* **What you will do**: Your reply should repeat all records verbatim and contain no images.

* **Source records**:
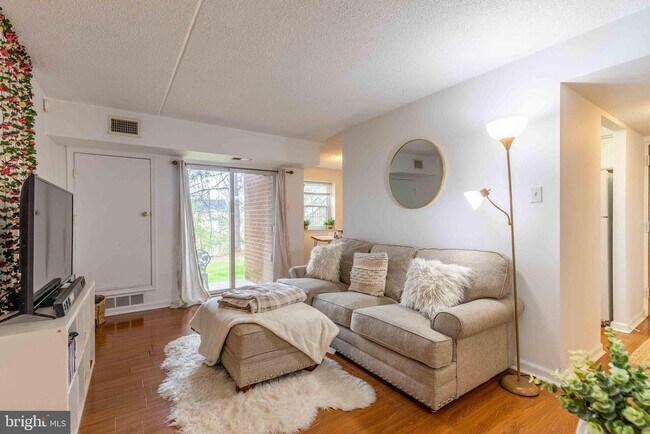 Building Photo - 3307 Valley Dr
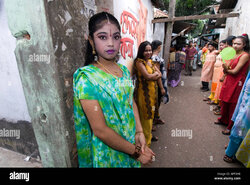 prostitute-sex-workers-wait-for-customers-tangail-brothel-APF3H8.jpg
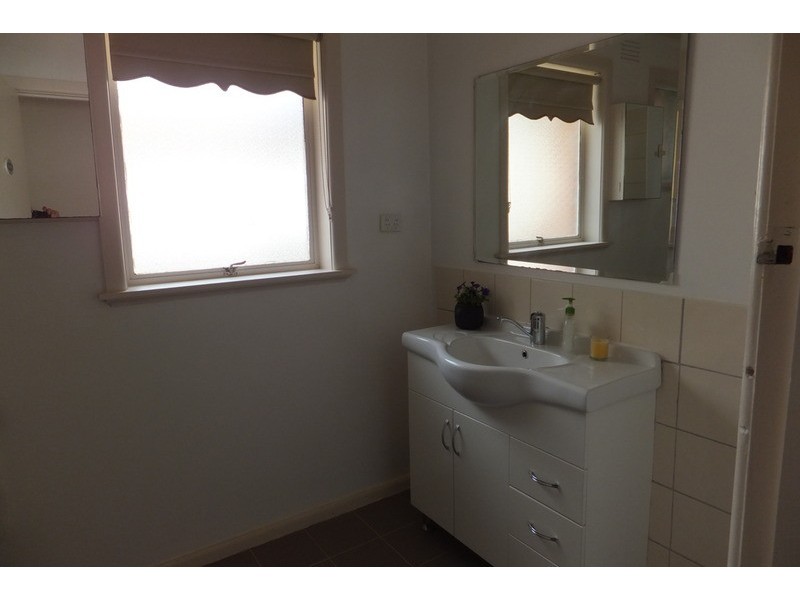 16 Hartington Street, Glenroy VIC 3046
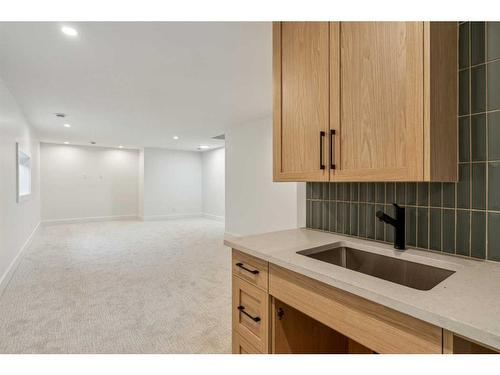 438 28 Avenue Nw, Calgary, AB - Indoor Photo Showing Kitchen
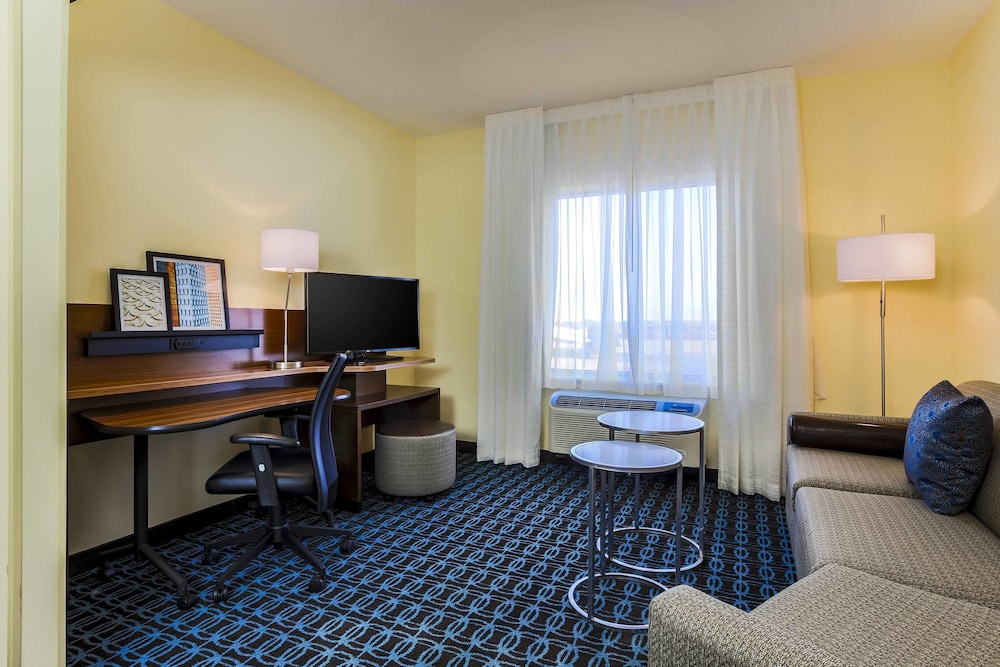Fairfield Inn & Suites by Marriott Snyder - photo 13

* **Output**:
 Building Photo - 3307 Valley Dr
 prostitute-sex-workers-wait-for-customers-tangail-brothel-APF3H8.jpg
 16 Hartington Street, Glenroy VIC 3046
 438 28 Avenue Nw, Calgary, AB - Indoor Photo Showing Kitchen
Fairfield Inn & Suites by Marriott Snyder - photo 13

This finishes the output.